One of the paradoxes of Robespierre’s Republic of Virtue is that the author from whom he so largely borrowed did not really consider himself virtuous. Virtue may mean purity of heart and motive in one’s daily actions, but as Jean-Jacques Rousseau very well knew, it also implied a constant rational struggle against intrinsic passions and appetites. It is for this reason that in several parts of the Dialogues, Rousseau portrays himself paradoxically as a virtuous man who lacks virtue: “But is there some virtue in that sweetness? None. There is only the inclination of a loving and tender nature […] This very reasonable choice isn’t made by either reason or will. It is the work of the pure instinct. It lacks the merit of virtue, doubtless, but neither does it have its instability. One who has surrendered only to the impulses of nature for sixty years is certainly never going to resist them” (RJJ 150).1 It is not difficult to see why Rousseau would characterize himself as such. If, as Saint-Preux warns Julie, “virtue is a state of war” (J 560), belief in this struggle would mean recognizing our inherent disposition to sin and refuting, as a result, one of Jean-Jacques’s principal tenets: man’s natural inclination for the good. As Rousseau notes in the first pages of the Dialogues, “virtue among us often requires fighting and conquering nature” (RJJ 10–11).

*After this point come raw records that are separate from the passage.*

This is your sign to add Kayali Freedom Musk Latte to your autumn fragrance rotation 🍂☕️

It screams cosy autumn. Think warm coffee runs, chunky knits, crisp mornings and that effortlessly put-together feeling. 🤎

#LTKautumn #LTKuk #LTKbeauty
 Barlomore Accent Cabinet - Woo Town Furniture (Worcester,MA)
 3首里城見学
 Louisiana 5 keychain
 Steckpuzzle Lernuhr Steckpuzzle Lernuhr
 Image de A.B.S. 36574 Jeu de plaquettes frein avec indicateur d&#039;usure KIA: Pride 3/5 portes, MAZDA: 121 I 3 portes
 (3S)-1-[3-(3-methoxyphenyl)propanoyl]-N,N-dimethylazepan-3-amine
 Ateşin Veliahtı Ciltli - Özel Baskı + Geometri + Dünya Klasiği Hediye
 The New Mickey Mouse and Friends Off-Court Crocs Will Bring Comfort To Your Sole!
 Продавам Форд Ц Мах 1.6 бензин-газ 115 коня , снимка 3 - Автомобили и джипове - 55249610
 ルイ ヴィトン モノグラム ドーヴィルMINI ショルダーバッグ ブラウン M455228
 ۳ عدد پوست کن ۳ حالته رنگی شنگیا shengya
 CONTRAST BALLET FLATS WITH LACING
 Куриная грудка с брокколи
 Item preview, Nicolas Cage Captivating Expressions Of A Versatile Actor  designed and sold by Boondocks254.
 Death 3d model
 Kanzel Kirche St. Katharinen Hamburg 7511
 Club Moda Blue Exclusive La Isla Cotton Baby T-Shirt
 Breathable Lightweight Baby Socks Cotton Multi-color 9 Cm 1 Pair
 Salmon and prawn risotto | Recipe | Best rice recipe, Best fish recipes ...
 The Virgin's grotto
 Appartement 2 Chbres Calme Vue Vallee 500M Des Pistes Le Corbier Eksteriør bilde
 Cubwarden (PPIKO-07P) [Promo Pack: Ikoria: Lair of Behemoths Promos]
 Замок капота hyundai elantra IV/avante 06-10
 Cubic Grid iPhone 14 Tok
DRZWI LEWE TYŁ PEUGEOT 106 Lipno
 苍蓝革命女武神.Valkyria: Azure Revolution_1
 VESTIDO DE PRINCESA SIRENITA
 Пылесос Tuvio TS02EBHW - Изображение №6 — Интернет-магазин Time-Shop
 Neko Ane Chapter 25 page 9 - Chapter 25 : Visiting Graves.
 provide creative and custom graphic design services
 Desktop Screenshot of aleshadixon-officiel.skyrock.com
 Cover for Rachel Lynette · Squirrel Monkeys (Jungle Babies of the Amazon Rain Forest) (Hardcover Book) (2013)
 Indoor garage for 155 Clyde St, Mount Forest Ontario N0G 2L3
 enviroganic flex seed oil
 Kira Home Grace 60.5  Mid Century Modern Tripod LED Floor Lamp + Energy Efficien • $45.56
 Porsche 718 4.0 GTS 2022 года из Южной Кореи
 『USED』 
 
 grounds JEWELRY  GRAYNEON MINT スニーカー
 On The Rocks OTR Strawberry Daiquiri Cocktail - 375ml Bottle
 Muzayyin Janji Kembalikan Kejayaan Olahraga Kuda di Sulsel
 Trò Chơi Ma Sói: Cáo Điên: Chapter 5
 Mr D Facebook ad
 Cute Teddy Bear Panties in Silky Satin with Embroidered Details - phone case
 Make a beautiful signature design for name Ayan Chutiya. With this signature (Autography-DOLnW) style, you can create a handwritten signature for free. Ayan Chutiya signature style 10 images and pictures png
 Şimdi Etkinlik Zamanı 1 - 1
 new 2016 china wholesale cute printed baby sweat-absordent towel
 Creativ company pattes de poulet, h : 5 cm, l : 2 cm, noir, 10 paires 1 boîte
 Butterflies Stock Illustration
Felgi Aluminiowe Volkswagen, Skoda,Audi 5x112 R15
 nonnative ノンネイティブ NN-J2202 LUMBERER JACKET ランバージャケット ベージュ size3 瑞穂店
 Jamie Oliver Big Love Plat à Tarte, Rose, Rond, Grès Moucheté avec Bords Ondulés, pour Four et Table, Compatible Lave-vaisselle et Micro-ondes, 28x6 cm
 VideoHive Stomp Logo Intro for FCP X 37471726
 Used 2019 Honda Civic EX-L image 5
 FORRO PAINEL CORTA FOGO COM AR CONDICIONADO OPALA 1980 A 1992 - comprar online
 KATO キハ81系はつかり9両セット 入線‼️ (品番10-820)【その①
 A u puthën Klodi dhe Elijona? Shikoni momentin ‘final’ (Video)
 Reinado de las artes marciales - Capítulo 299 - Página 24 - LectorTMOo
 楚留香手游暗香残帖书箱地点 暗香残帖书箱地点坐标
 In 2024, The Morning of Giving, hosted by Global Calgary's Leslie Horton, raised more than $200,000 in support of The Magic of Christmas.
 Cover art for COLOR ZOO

Through his oeuvre, however, Rousseau does not do away with virtue’s struggle as much as he reframes it and confines it within a realm that is strictly intra-sentimental. Rousseau, in other words, does not need to fight his desire, but rather, without will or volition, it is his desire that does the fighting for him. To understand this point, it is worth considering the depiction Rousseau gives in the Confessions of his peculiar sexual tastes. When describing the punishments he received at the hands of Mlle Lambercier and the kind of sensuality they had aroused, Rousseau makes clear to the reader that his desire was a sort of blessing in disguise, an evil that contained its own remedy. Although he says that with a little more effrontery, his senses would have plunged him “into the most brutal sensuality” (C 15), Rousseau describes his sexual desire at once as both appetite and law, as being self-contained in its own zeal:

For the present, it is enough for me to have pointed out the origin and first cause of a penchant that has modified all my passions, and which, repressing them by [End Page 41] themselves, has always rendered me lazy in acting because of too much ardor in desiring.

(C 35; emphasis mine)

Desire may be a potential source of perdition, but in Jean-Jacques’s case, it also happens to hold the seeds for his salvation. As he puts it, “what ought to have ruined me still preserved me” (C 15).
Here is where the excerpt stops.